Although Solomon does not usually focus on sleep-related issues, he was inspired to see patients who had been struggling for years. loezina. “Usually I can give the patient a medicine a week to sleep, and sometimes they come back with long-term use and are still complaining about sleep problems,” he noted.
The findings come from a database of U.S. National Institutes of Health that has tracked thousands of women to study how middle age and menopause affect mental and physical health.
Menopause, when women stop producing certain female hormones and stop having them once a month, is known to cause insomnia. Many women have trouble sleeping in the years before menopause and during menopause.
Solomon’s research team identified women who reported having trouble sleeping in that database, such as waking up too early and having difficulty sleeping and falling asleep.
“All the women in our study had sleep disturbances. Some of them started a medication and others didn’t, and then we went on for a long time a year later and two years later,” Solomon said. “We asked them about their usual medication use at each annual visit, and we asked them about sleep disturbances, using a well-described sleep disturbance scale.”
Since the study is primarily conducted at annual check-ins with participants, it can only show how these medications have worked in the long term. However, clinical trials in the short term, these drugs help people sleep.

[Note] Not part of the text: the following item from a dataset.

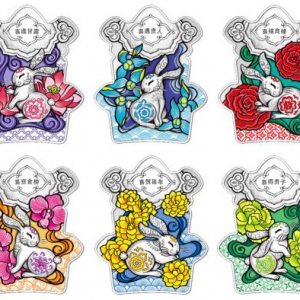 花团锦“兔”喜迎春——2023中国癸卯（兔）年喜字形金银纪念章欢喜上市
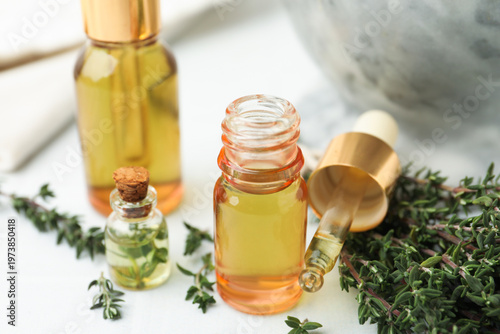 Thyme essential oil and fresh herbs on white table, closeup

“There are good randomized controlled trials that say sleep medications help for weeks or months,” Solomon said. “But, it seems that about 35% to 40% of people who start them use them a year later. So the typical (i.e., chronic) way they are used has not been well studied in testing.”
The new report was published online in the May 11 issue of the journal BMJ Open.
They are usually said to be sleep drugs benzodiazepines and “Z-drugs,” such as zolpidem (Ambien) and eszopiclone (Lunesta), some of which are used to promote sleep and others are primarily used to relieve anxiety.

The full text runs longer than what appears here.